La mano, otro milagro más. Y por duplicado. Si el pie ha sido elaborado por los más finos ebanistas, en la mano subyace una labor en la que se mezclan la ingeniería, la estética y el pragmatismo, como si a Da Vinci le hubiesen dado potestad para enredar con la carne, los tendones y los huesos.
Son las manos las que escriben. Los expertos andan a vueltas con los beneficios de la escritura manual, pero estos señores, como siempre, llegan tarde, porque eso es algo que sabe cualquier poeta adolescente, para el que es obvio que ese torbellino al que lo está arrastrando el mundo se templa cuando toma papel y lápiz, o boli, hasta pluma, y empieza a versificar, explicándoselo todo. Mis manos aporrean el teclado y el tictoqueo resultante es el sonido del lenguaje pasando de lo espiritual a lo concreto. Las manos, con sus cinco capitanes digitales, capaces de imaginar El Quijote o las elegías de Rilke. He dicho bien: las manos imaginando, porque si lo más profundo que tenemos es la piel, como también y tan bien vio otro poeta, quizá ocurre que el pensamiento, que viene de las jurisdicciones cerebrales envuelto en una vaga niebla, encuentra su asiento en las manos. Sólo cuando se filtra por la punta de los dedos es cuando la palabra se hace carne, verbo, acción, acto.
Las manos, tan aptas para la caricia como para el asesinato, sabias herramientas de amor y sexo o, en cambio, de devastación. Manos de boxeador, manos de pianista, manos que curan manos, y que afeitan, manos posadas sobre la tripa de la embarazada, sintiendo las primeras pataditas emocionadas de la criatura. Manos lavándose entre sí o dándole el baño al bebé, o curándole el ombligo, o cambiándole el pañal, creando así una memoria imperecedera a la que agarrarse cuando, después, la rueda siga su curso y retorne el infierno a lo cotidiano. Manos políticas, expertas en el crimen, manos que, por contra, ayudan, o que se hunden en la tierra en pos de sus más preciados frutos. Manos obsesas de móvil, manos que encienden cigarros, que comercian con monedas y billetes, manos que cogen algodón, o cogían, antes de que hubiera máquinas, antes, que había algodón. Manos que firman, que torean, que esculpen y dibujan maravillas o alzan catedrales, esos artilugios que buscan el alma. Manos inventoras, las de Arquímedes y Tesla, manos que se hunden en la matemática. Mis manos danzando con los números sobre la pizarra, compartiendo con la hija los prodigios de la geometría y la aritmética.

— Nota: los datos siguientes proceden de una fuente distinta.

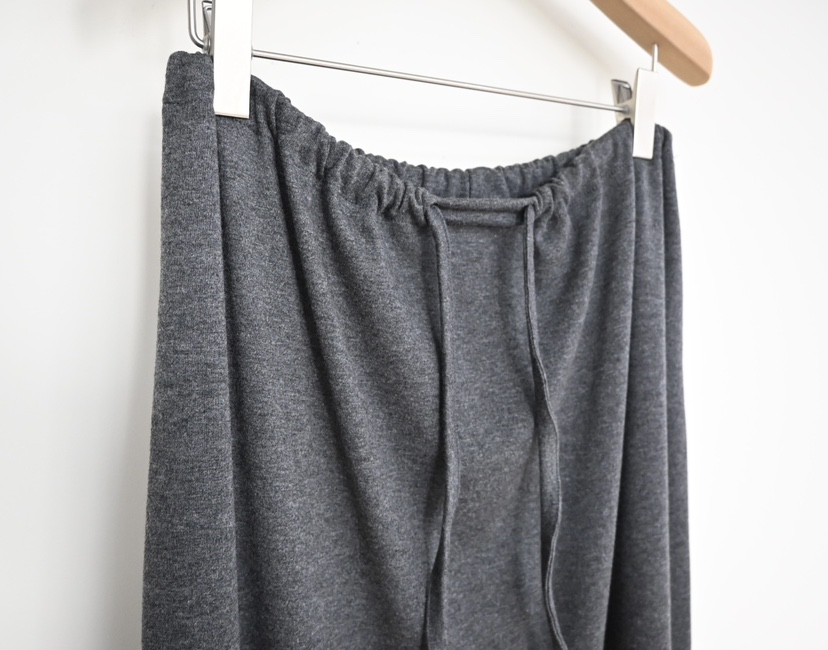 OP PER東大門代購女裝新款人氣真品26春夏推薦休閑熱賣長裙OPPER-simplebeige長裙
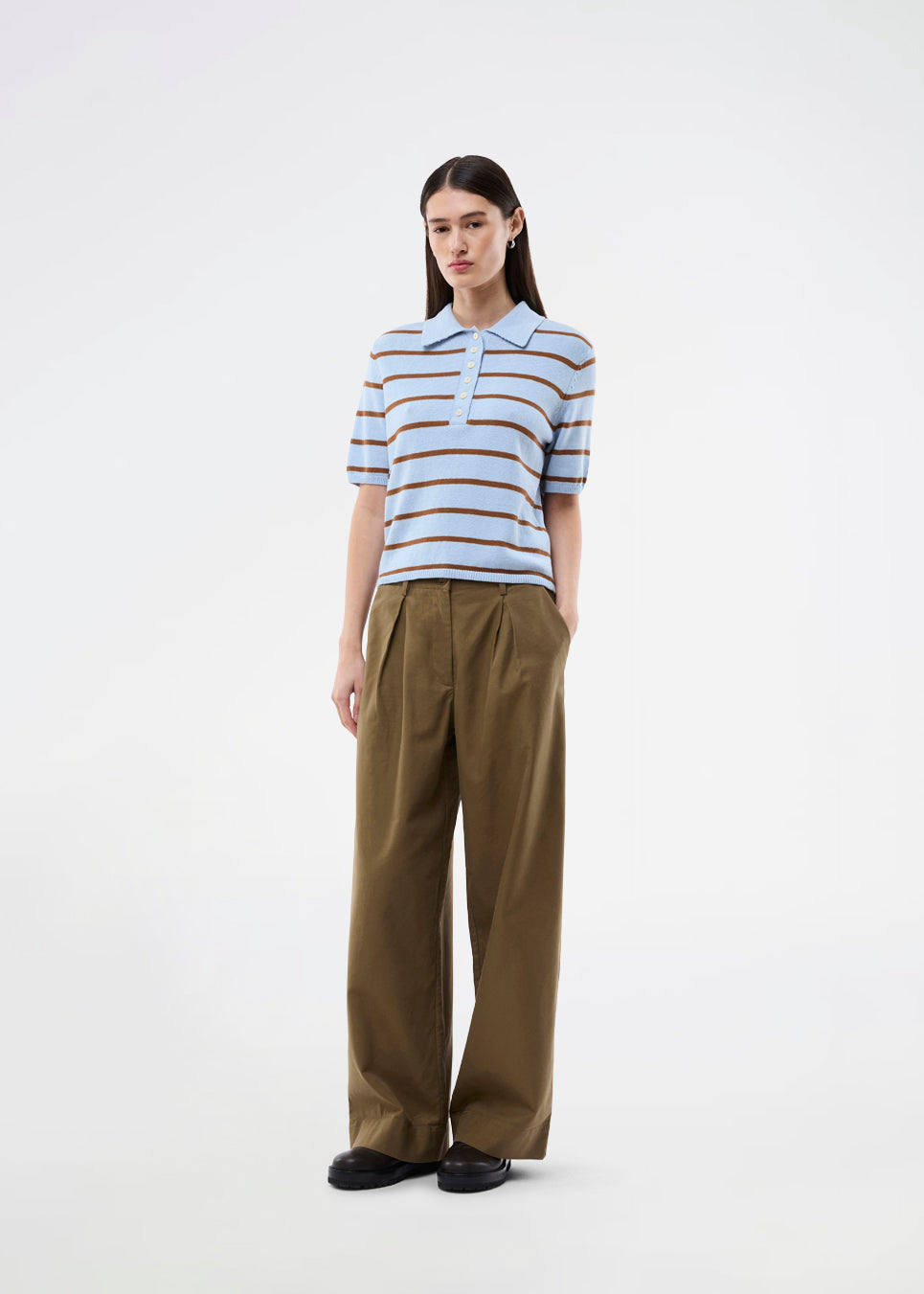 Blød strikket polo i 100% bomuld. MalvaMD SS Polo er lavet i en blød, åndbar bomuldskvalitet med kort ærme og klassisk krave med stolpelukning. Et tidløst og let stylingvenligt design, perfekt til både hverdag og weekend.
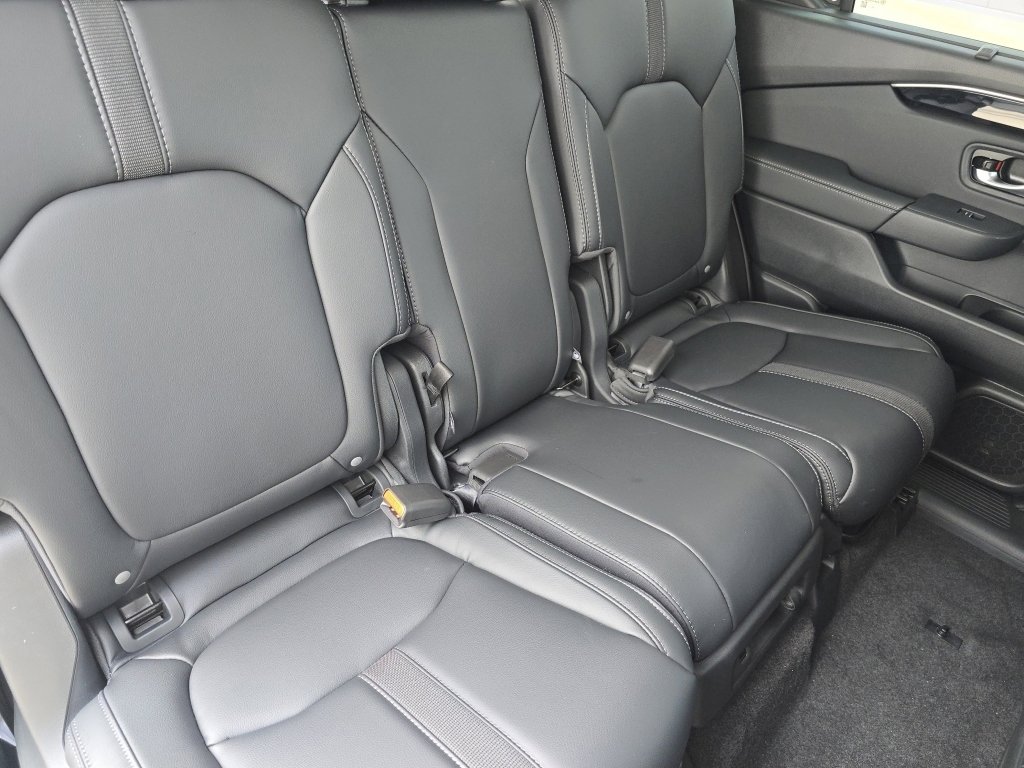 2025 Honda Pilot EX-L - Photo 25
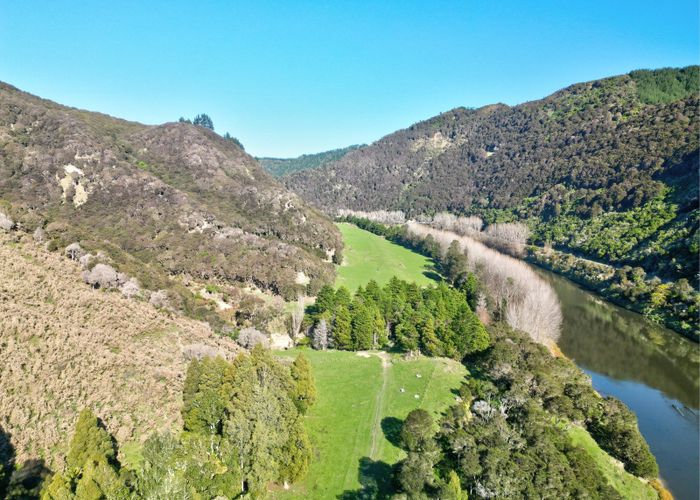  at Kauarapaoa Road, Brunswick, Whanganui, Manawatu / Whanganui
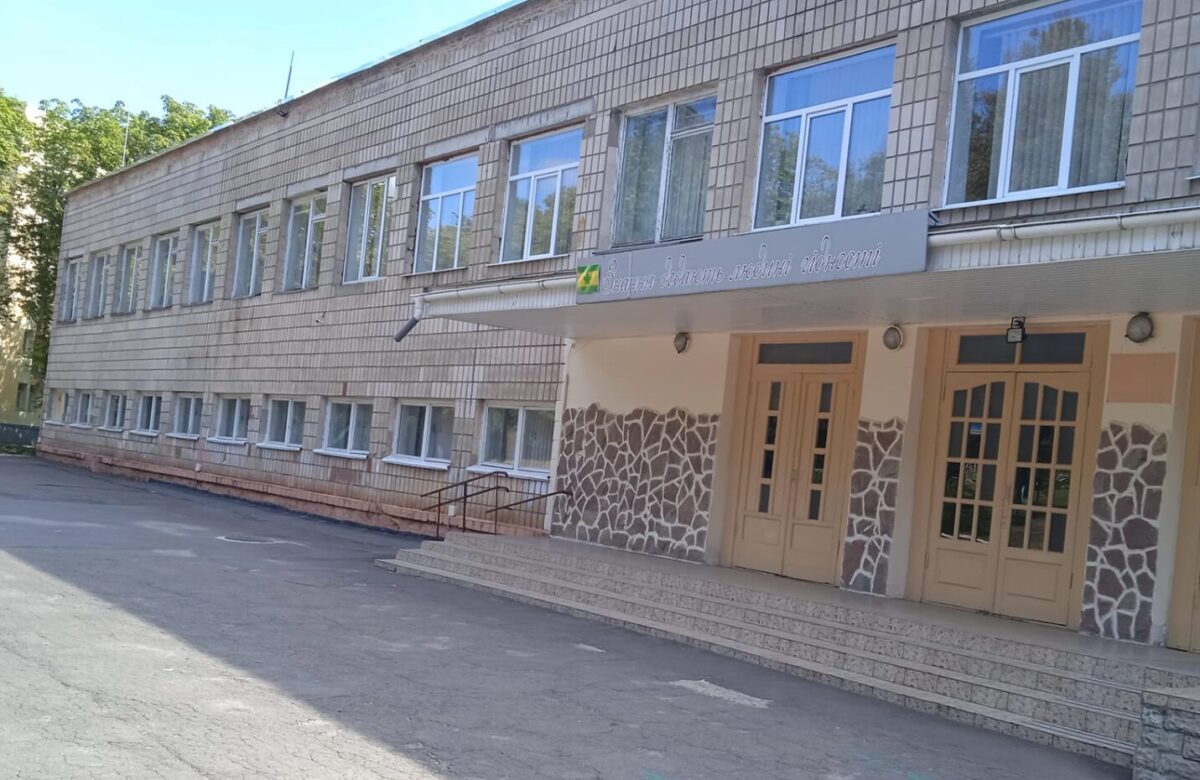 У Рівному виник конфлікт навколо ліцею №8 — батьки заявляють про «фактичне закриття», влада заперечує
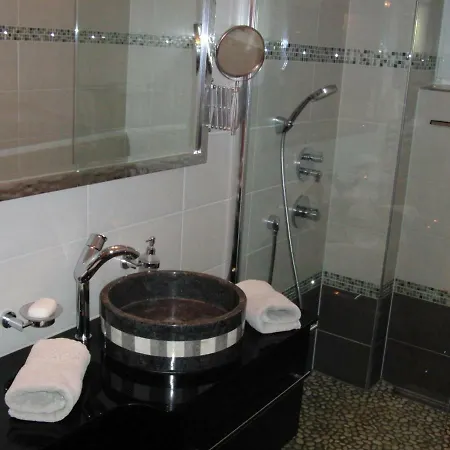 Haus Karlo Apartment *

Manos que traicionan, que anotan, que alzan la copa para brindar con amigos. Manos que portan anillos, o que convencen a las cuerdas de la guitarra para que ésta mantenga su idilio con el aire conmovido. Manos de críos jugando con el barro y los balones. Manos de abuela amasando meriendas. O del abuelo rebuscando en el monedero para sacar un duro con el que convidarte. Manos de madre ahuyentando las fiebres. Manos de padre, encalleciéndose contra los ladrones oficiales para darnos de comer.
Hoy, al sentarme ante el folio en blanco, de vuelta de pasear con Yoda por los parques, no tenía ni idea de lo que iba a teclear. Pero lo sabían las manos, mis manos, ellas sí, que al final siempre me resuelven la papeleta. Otro milagro más. Y por duplicado. Manos que descansan satisfechas cuando acaban de escribir.